29 de dezembro de 2021

O jornalista Edison Veiga, do Deutsche Welle Brasil entrevista Alisa Andries e Vivian Retz, responsáveis pela comunicação social respectivamente da Fiocruz e do Instituto Butantan sobre a luta contra a covid-19 e contra o negacionismo da ciência organizado pelo governo Bolsonaro. 

"Não caímos em polarização, nosso foco é a ciência"

Responsável pelas redes sociais da Fundação Oswaldo Cruz fala sobre os desafios da comunicação em tempos de pandemia, negacionismo e brigas ideológicas. Instituição foi apontada como uma das mais influentes no Twitter.

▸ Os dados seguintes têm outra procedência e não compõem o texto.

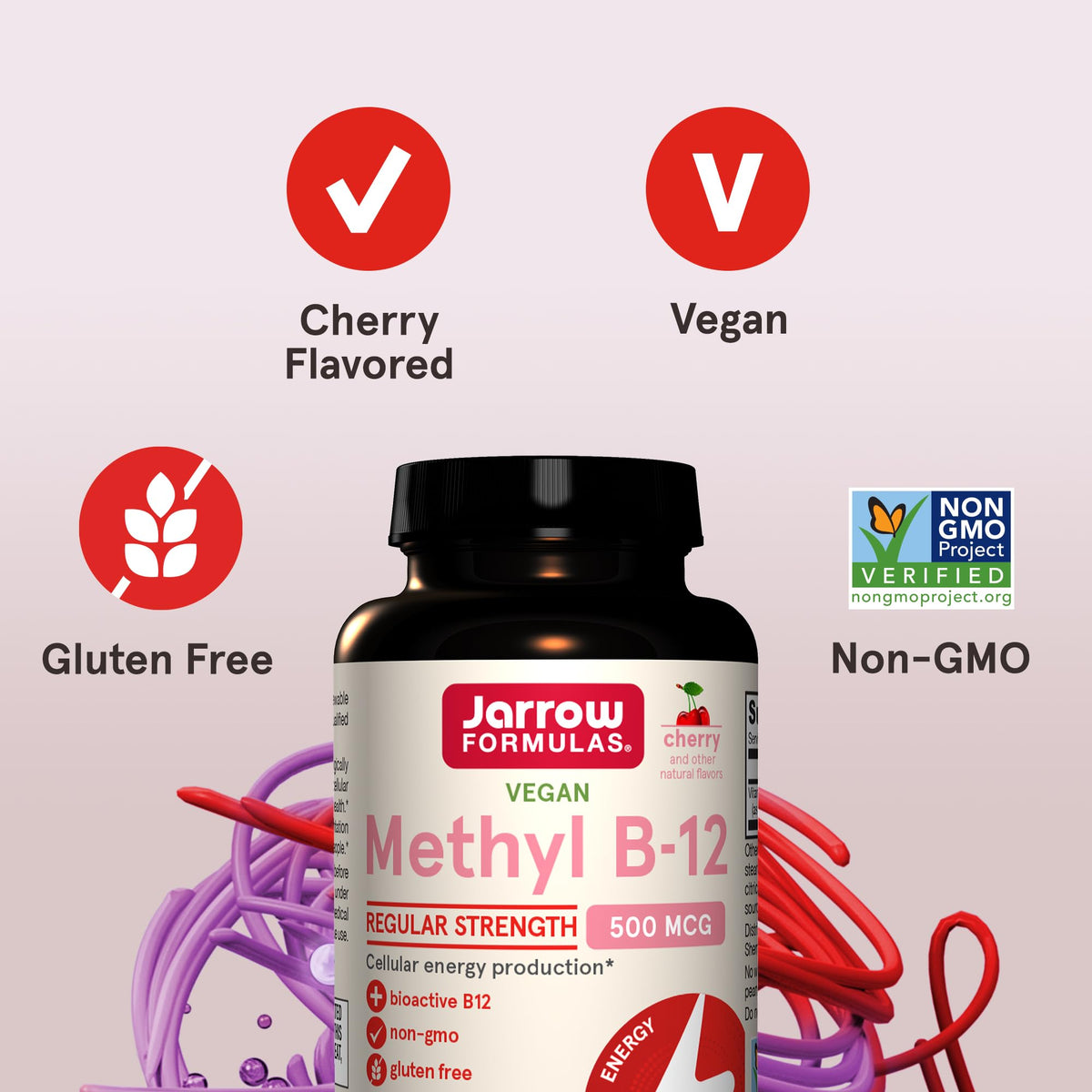 Comparaison de la taille des comprimés Methyl B-12 de Jarrow Formulas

Edison Veiga entrevista Elisa Andries, Deutsche Welle Brasil, 21 de dezembro de 2021

Funcionária concursada há quase 20 anos da Fundação Oswaldo Cruz (Fiocruz), a jornalista Elisa Andries, como coordenadora de comunicação social, tem sob suas rédeas a ferramenta que é vidraça constante de críticos — ao mesmo tempo que ganha afagos de apoiadores — do trabalho realizado pelos cientistas da instituição: as redes sociais.

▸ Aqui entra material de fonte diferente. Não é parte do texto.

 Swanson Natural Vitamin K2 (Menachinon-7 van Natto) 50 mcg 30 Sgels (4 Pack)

"Somos alvo o tempo todo [de críticas], mas nosso foco é a ciência", diz ela. "Não postamos nada para falar do negacionismo, por exemplo. Postamos sempre um artigo, um pré-print, uma informação científica de qualidade. Não caimos nessa armadilha da polarização."

Andries conta que muitas vezes os usuários "criticam a vacina", dizendo que é "coisa do demônio" e outros achismos infundados. "Não respondemos, não entramos nesse tipo de questão. O debate em que entramos é o qualificado, o da ciência."

Um estudo divulgado na semana passada, a partir de análise desenvolvida pelo monitor Science Pulse em parceria com o Instituto Brasileiro de Pesquisa e Análise de Dados (IBPAD), qualificou dois perfis da entidade (@agencia_fiocruz e @fiocruz) como primeiro e segundo lugares num ranking das instituições mais influentes na divulgação científica dentro do Twitter.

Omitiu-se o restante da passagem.